А про нас, ребятишек и говорить нечего. У нас, наконец, появилось занятие, скуку и грусть как рукой сняло. Нам не надо было придумывать новые игры. Нет! Собираясь на пустыре у нашего дома, мы стали разрабатывать планы, которые скорее всего не получили бы одобрения взрослых. Сперва мы стали обсуждать, как будет выглядеть новое здание, но поняв, что тут уж все равно ничего не изменишь, решили перейти к переустройству всего квартала. Мы сносили все без исключения дома; тех хозяев, которые нам нравились, переселяли поблизости, в лучшие, по нашему мнению, квартиры, а тех, кто нам не нравился или был безразличен, посылали подальше; мы покрывали бетоном улицы, асфальтировали их, построили стадион для всего квартала и мечтали о том времени, когда он, благодаря нашим победам на футбольном поле, станет общегородским; так мы мечтали, пока наконец и это нам не надоело, и мы пустили все на самотек. К тому же мы часто ссорились. Мице, например, показалось, что мы несправедливы по отношению к его семье, он разозлился и несколько дней смотрел на всех косо и враждебно.

Так мы и жили в ожидании, пока в самом деле не пришли рабочие и на пустыре не начались работы. Но еще до того, как принялись рыть котлован, мы страшно обрадовались, узнав от парней, которые смотрели в приборы, вроде биноклей, укрепленные на штативах, и отмеряли что-то на земле, о том, что будущее здание превзойдет все наши мечты, а они, что ни говори, были все же в полном соответствии с размерами и красотами наших старых овинов, вкусами наших жителей, среди которых был один погибший народный герой, один директор, несколько важных служащих, много ремесленников, но больше всего рабочих с новых фабрик, расположенных на другом конце города; к. последним принадлежал и мой отец.

Когда новое здание стало расти, некоторые взрослые стали выражать недовольство.
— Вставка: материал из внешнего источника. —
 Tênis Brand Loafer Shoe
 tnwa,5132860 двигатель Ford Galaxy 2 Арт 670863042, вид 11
Строительство вызывало у них раздражение, они злились, что улочка вся в извести, которая затаскивалась в дом на старые домотканые дорожки, а те, кто жил рядом с новостройкой, жаловались, что теперь могут выйти на двор только под доглядом жильцов верхних этажей. А старый Нанчо и подавно всех рассмешил. У него во дворе была некрытая уборная, и соседи потешались над ним, что он, мол, будет выходить туда только по ночам. Нанчо обижался и говорил, что нет на свете справедливости, будь она на самом деле, он бы стал судиться с властями, и они бы возместили ему убытки. В Америке, говорят, так. Иные предполагали почему- то, что среди новоселов наверняка будут недобрые угрюмые люди, и с этим мы соглашались. Мы тоже волновались. Но с нами это случалось лишь изредка, а что касается взрослых, то многие из них уверяли, что лучше бы все осталось все по-прежнему.
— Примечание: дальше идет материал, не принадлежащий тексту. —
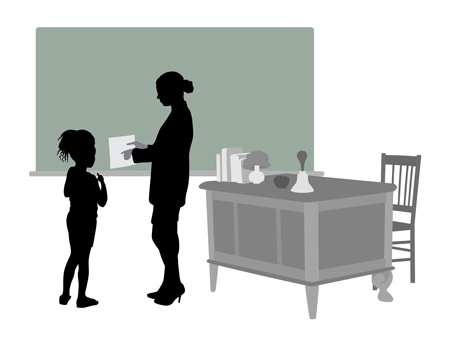 MEXICO. LA POBREZA EDUCATIV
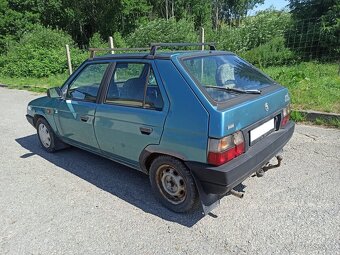 Škoda Favorit 135 Comfort Line - 6
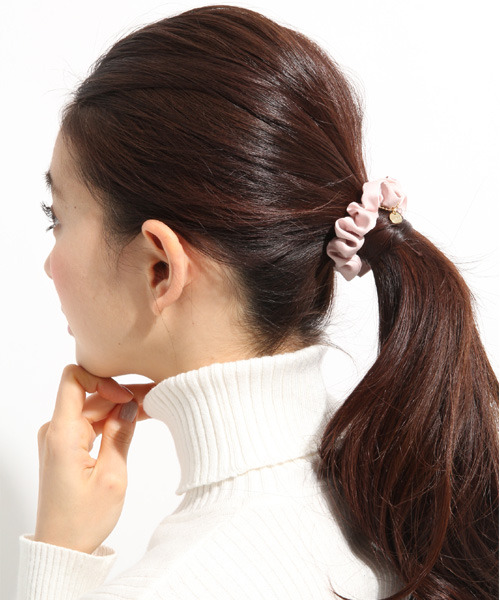 サテンミニシュシュＳＳ/mikoa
А наша радость возрастала с каждым новым этажом и каждый новый метр высоты волновал нас все сильнее и сильнее, несмотря на все предостережения старших, что это высоченное здание бог знает как и на земле стоит, того гляди рухнет и покалечит нас. Отец, разумеется, смеялся над этими баснями, которые, к слову сказать, повторяла и мама, но резкий и умный, он, по обыкновению, рубил напрямик:

— А хотя бы и рухнуло да раздавило этот батькин курятник!

Но подошло время и произошло то, что должно было произойти.

К концу лета здание было достроено и сияло белизной и прекрасными голубыми балконами, которые были насажены во множестве по всему высокому и широкому фасаду. Вполне понятно, как ни мечтали мы о самом строительстве, когда мы увидели готовый дом, всем захотелось получить в нем квартиру с водопроводом, паркетом и всем прочим, хотя мы сдерживались и зависти своей не выказывали. Но ни я и, уверен, никто другой никогда не позабудут то грустное утро, когда сюда приехали не известные нам люди и стали вселяться в новостройку, вносить свой домашний скарб, который, как нам показалось, был намного лучше того, что стоял в наших домах.

Но миновало, отболев, и это. У нас, у детей, это прошло быстрее, чем у взрослых с их склонностью к брюзжанию, которое мы не одобряли и высмеивали. Мы первые стали знакомиться и сближаться с новыми соседями, которые, по правде говоря, не прочь были поважничать, что было нечестно с их стороны, хотя бы у них и были на то основания. И дети их тоже. И они здорово задавались, считая ниже своего достоинства играть с обитателями курятников. Даже потом, когда мы подружились кое с кем из них, они долго еще продолжали задаваться, а мы — обижаться. Но отец говорил;

— Вы еще не узнали друг друга как следует. Потому и … Поэтому я, упорно проглатывая обиды, убеждал своих поближе сойтись с новоселами, чтобы стерлась граница между нами.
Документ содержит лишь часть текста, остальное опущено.